● WHAT NEEDS TO BE DONE
Only the pictures should be left out; repeat the rest of the data exactly.
[EXTRACTED MATERIAL Boundary: Start]
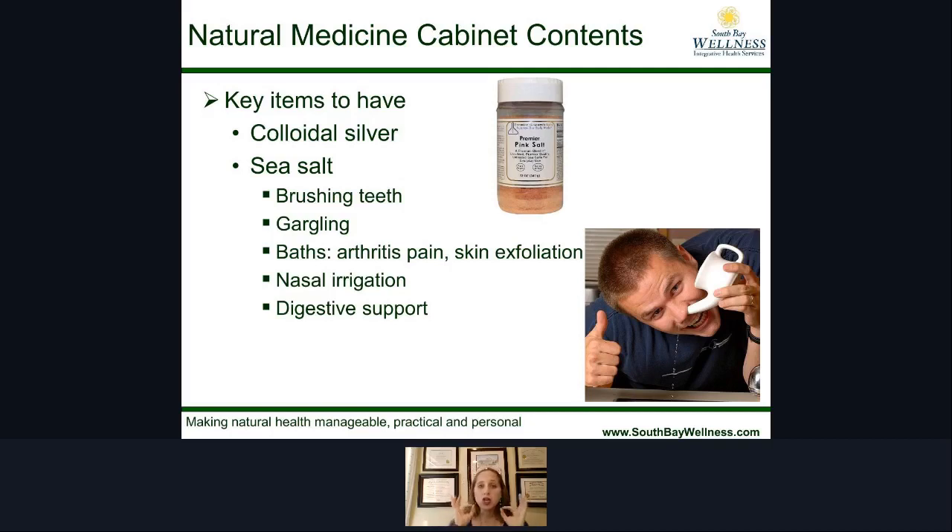Sea salt is another one — I love to use Premier Pink Salt from Premier Research Labs. Sea salt has a lot of fantastic qualities. You can use it for brushing your teeth, which is excellent for your gums and oral health. You can use it for gargling — an old remedy is to gargle with salt water for a sore throat because it helps kill bad bacteria. For those dealing with pain, it's excellent for a bath with salts and also great for skin exfoliation. The gentleman in the picture is using a neti pot for nasal irrigation.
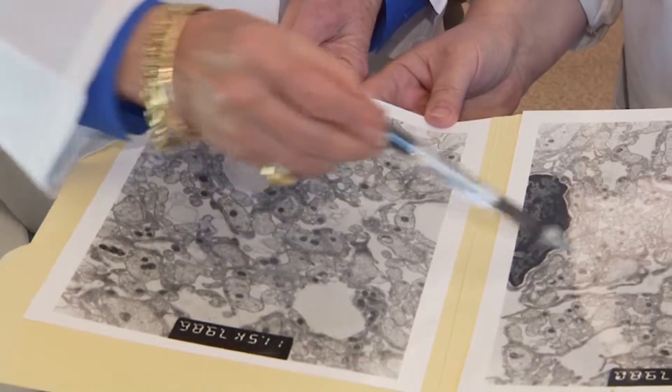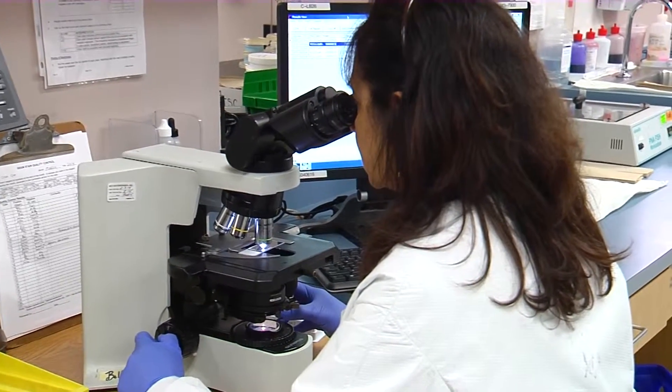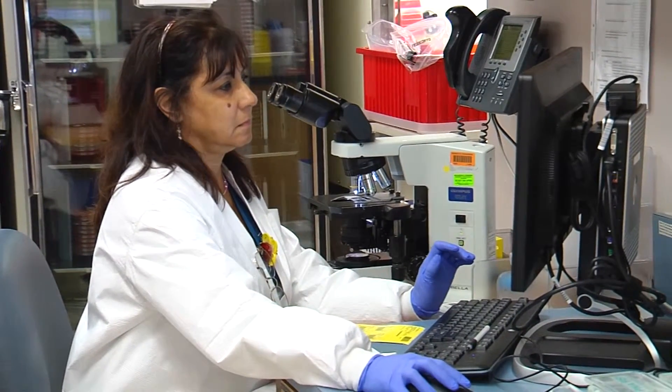The two BRCA genes produce tumor suppressor proteins that provide quality control to DNA. If either gene is mutated it can't do its job, and cells are more likely to deviate and lead to cancer.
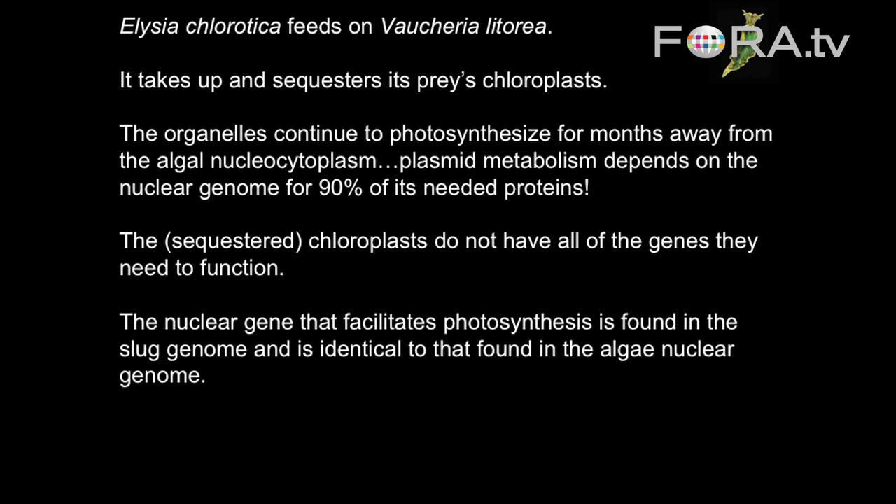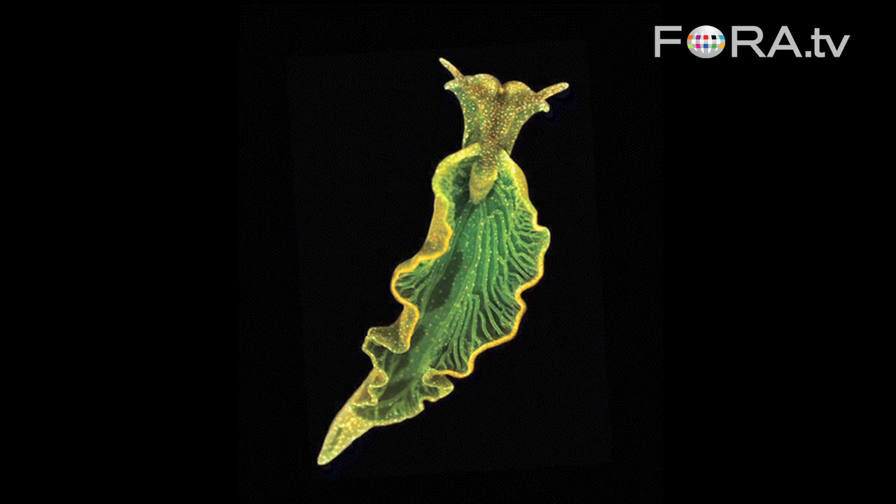So these chloroplasts are in the slug, but they don't have all the genes they need to photosynthesize properly. Recently it's been found that the slug genome contains a nuclear gene that facilitates photosynthesis — the same gene found in the algal genome. So somehow elements of the algal genome have been transferred to the slug.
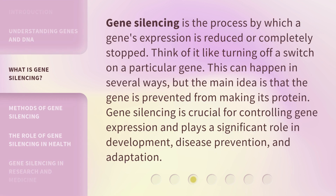Gene silencing is the process by which a gene's expression is reduced or completely stopped. Think of it like turning off a switch on a particular gene. This can happen in several ways, but the main idea is that the gene is prevented from making its protein. Gene silencing is crucial for controlling gene expression and plays a significant role in development, disease prevention, and adaptation.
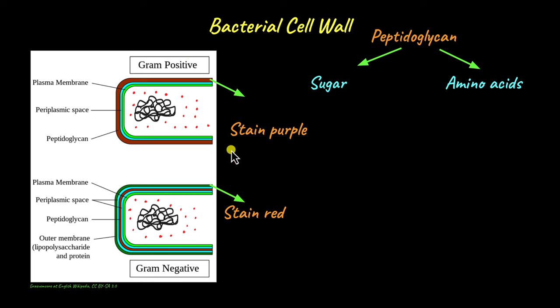Streptococcus and Staphylococcus are examples of gram positive bacteria. E. coli and Salmonella are examples of gram negative bacteria.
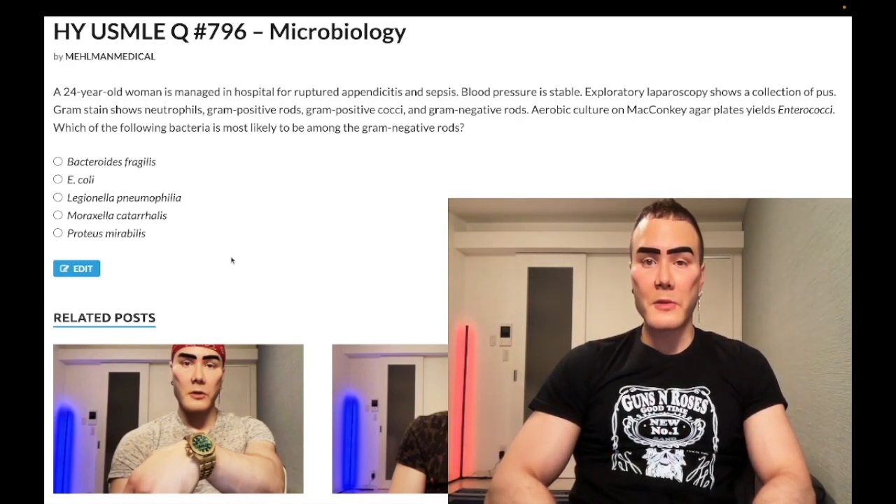24-year-old woman with a ruptured appendix and sepsis, blood pressure stable, exploratory laparoscopy. She has a collection of pus. Gram stain shows neutrophils, gram-positive rods and cocci, as well as gram-negative rods. Aerobic culture on MacConkey agar yields enterococci. Which bacteria is most likely to be among the gram-negative rods?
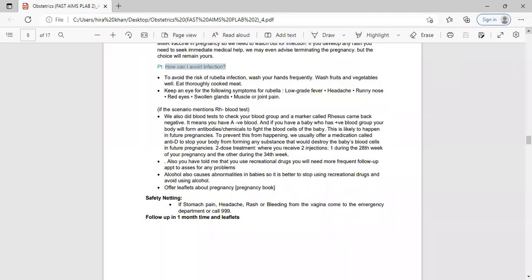To avoid rubella infection, advise: wash hands frequently, wash fruits and vegetables well, and eat thoroughly cooked meat. If she asks about symptoms of rubella, mention: low-grade fever, headache, runny nose, nausea, rash. Offer a leaflet with details. If the stem also says the patient is Rh negative, explain: 'Your blood test shows your blood group is Rh negative. This means if your baby has a positive blood group, your body will form chemicals to fight the baby's blood cells. To prevent this, we can start you on anti-D medicine.' Always mention involving seniors: 'I will also discuss this with my seniors.'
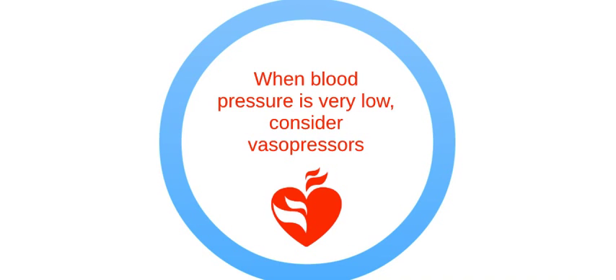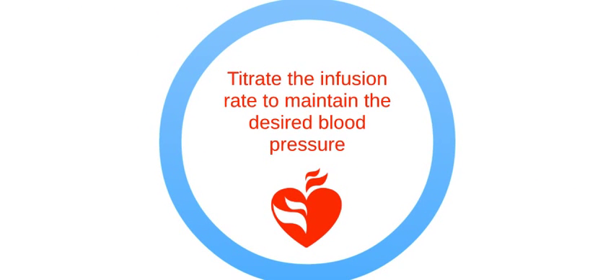Epinephrine is the pressor of choice for patients who are not in cardiac arrest. Dopamine, phenylephrine, and methoxamine are alternatives. Titrate the infusion rate to maintain the desired blood pressure.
[EXTRACTED MATERIAL Boundary: End]
● WRITTEN RESPONSE
Sea salt is another one — I love to use Premier Pink Salt from Premier Research Labs. Sea salt has a lot of fantastic qualities. You can use it for brushing your teeth, which is excellent for your gums and oral health. You can use it for gargling — an old remedy is to gargle with salt water for a sore throat because it helps kill bad bacteria. For those dealing with pain, it's excellent for a bath with salts and also great for skin exfoliation. The gentleman in the picture is using a neti pot for nasal irrigation.
The two BRCA genes produce tumor suppressor proteins that provide quality control to DNA. If either gene is mutated it can't do its job, and cells are more likely to deviate and lead to cancer.
So these chloroplasts are in the slug, but they don't have all the genes they need to photosynthesize properly. Recently it's been found that the slug genome contains a nuclear gene that facilitates photosynthesis — the same gene found in the algal genome. So somehow elements of the algal genome have been transferred to the slug.
Gene silencing is the process by which a gene's expression is reduced or completely stopped. Think of it like turning off a switch on a particular gene. This can happen in several ways, but the main idea is that the gene is prevented from making its protein. Gene silencing is crucial for controlling gene expression and plays a significant role in development, disease prevention, and adaptation.
Streptococcus and Staphylococcus are examples of gram positive bacteria. E. coli and Salmonella are examples of gram negative bacteria.
24-year-old woman with a ruptured appendix and sepsis, blood pressure stable, exploratory laparoscopy. She has a collection of pus. Gram stain shows neutrophils, gram-positive rods and cocci, as well as gram-negative rods. Aerobic culture on MacConkey agar yields enterococci. Which bacteria is most likely to be among the gram-negative rods?
To avoid rubella infection, advise: wash hands frequently, wash fruits and vegetables well, and eat thoroughly cooked meat. If she asks about symptoms of rubella, mention: low-grade fever, headache, runny nose, nausea, rash. Offer a leaflet with details. If the stem also says the patient is Rh negative, explain: 'Your blood test shows your blood group is Rh negative. This means if your baby has a positive blood group, your body will form chemicals to fight the baby's blood cells. To prevent this, we can start you on anti-D medicine.' Always mention involving seniors: 'I will also discuss this with my seniors.'
Epinephrine is the pressor of choice for patients who are not in cardiac arrest. Dopamine, phenylephrine, and methoxamine are alternatives. Titrate the infusion rate to maintain the desired blood pressure.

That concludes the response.